TC’nin Irak’ın bu politikalarını da aşarak, Kerkûk’te Türkmenler üzerinden yeni güç devşirmesi ve bu güç üzerinden Çemçemal başta olmak üzere birçok yere saldırılar gerçekleştirmesine karşı söz konusu güce dönük yaptırımlar geldi. Kerkûk’ün batısı ve kimi kırsal yerlerde askeri üsler kuran Türkmen Tugayları, taraflarca tehlike çanı olarak görüldü. Heşdî Şebî’ye bağlı olduğu için Irak merkezi hükümeti tarafından finanse edilen güç için TC’nin yeni girişimlere kalkışacağı da bekleniyor.

VALİLİK TARTIŞMALARI VE OLASI TAHMİNLER

Birbiriyle bağlantılı işleyen süreç kapsamında Irak Başbakanı Sudani’nin Kerkûk’teki taraflara bir valinin seçilmesi için verdiği süre ise 11 Ağustos'ta son buluyor. Bu süreye kadar tarafların ortak bir vali adayında anlaşmaması,  süreci üç seçenek ile karşı karşıya bırakıyor. Birincisi, YNK ve Irak hükümetinin de uygun gördüğü ve başbakanın talimatıyla bir valinin atanması; keza tartışmalar dahilinde Irak’ın mevcut Adalet Bakanı Xalid Şiwanî ve Neşet Şahwêz Xurşîd’in isimleri öne çıkanlar arasında. İkinci seçenek seçimlerin iptal edilmesi olurken; üçüncü seçenek ise uzak da olsa KDP, Sünni güçler ve Türkmen bileşiminin politikalarında ısrar etmesi sonucu Kürt bir valinin yerine Şii bir valinin seçilmesi. 

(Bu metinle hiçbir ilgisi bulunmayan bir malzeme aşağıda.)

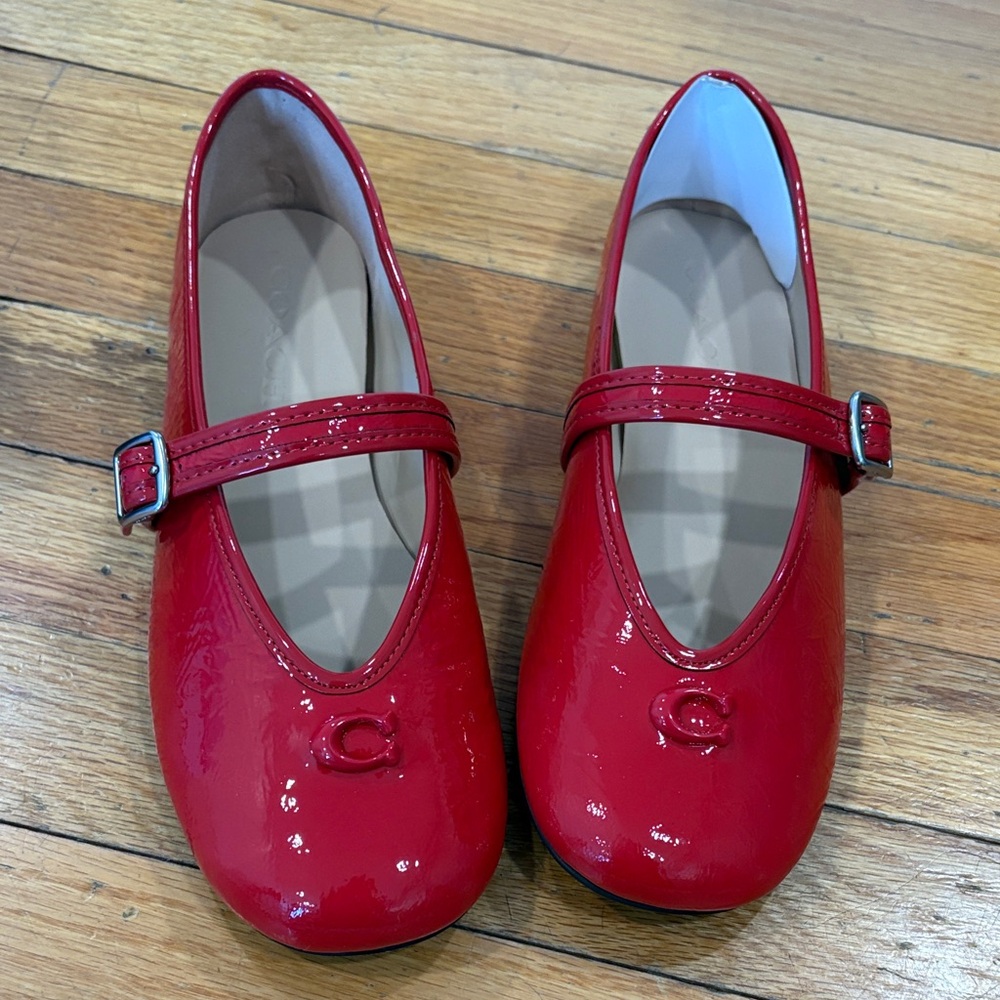 Coach Red Patent Mary Jane Women’s Shoes - Picture 2 of 4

İNGİLTERE TEMEL AMACI İÇİN SAHADA

Planların odağında olan Kerkûk petrolü hakkında ise geçtiğimiz günlerde Sudani hükümetinin İngiliz şirketi (British Petroleum) BP ile anlaşması sonrası yeni gelişmeler yaşandı. Birinci Dünya Savaşı sonrasında Kurdistan’a stratejik önemi ve yeraltı kaynaklarından kaynaklı müdahale eden İngilizlerin 100 yıl sonra da petrol anlaşması üzerinden politikalar geliştirmesi Ortadoğu'da yaşanan savaşların neden ve sonuçlarına ilişkin açıklayıcı bir tablo çiziyor. 

ABD PETROL İÇİN GÜÇ YIĞDI

Gelişmelere bağlı olarak,  ABD dün 2017’de referandumundan sonra ilk kez Kerkûk’e güç konuşlandırdı. ABD’nin Irak’ın Anti Terör güçleriyle birlikte Bağdat hükümeti ve BP arasında anlaşmanın yapıldığı; Bay Hasan, Zembur, Havana ve Baba Gurgur gibi petrol bölgelerine konuşlanması, petrol anlaşmasının bir sonucu olarak sahaya yansıdı. Bir sonraki aşamanın ise eskiden KDP’nin eliyle satılan petrolün artık Bağdat merkezi hükümeti yolu ile satılacağı öngörülüyor.

İRAN'IN YAKLAŞIMI

DAİŞ’e karşı mücadele adı altında gösterilmeye çalışılan hareketliliğin İran’ın da bilgisi dahilinde gerçekleştiği varsayılıyor. Var olan tabloda Sudani hükümetinin İran’ın etkisinin bu kadar yoğun hissedildiği Bağdat’ta tek başına BP ile masaya oturarak, petrol anlaşmasına gidebileceği olasılık dahilinde görülmüyor. 

Ayrıca Irak Petrol Bakanı Hayan Abdulgani’nin Tahran’a yakınlığı ile bilinen ve başkanlığını Nuri Maliki’nin yaptığı Yasa Devleti Koalisyonu’ndan olması; gelişmeler zincirinde bahsi geçen güçlerin ilişkilerinin ne düzeyde olduğuna dair tamamlayıcı bir veri hatırlatıyor.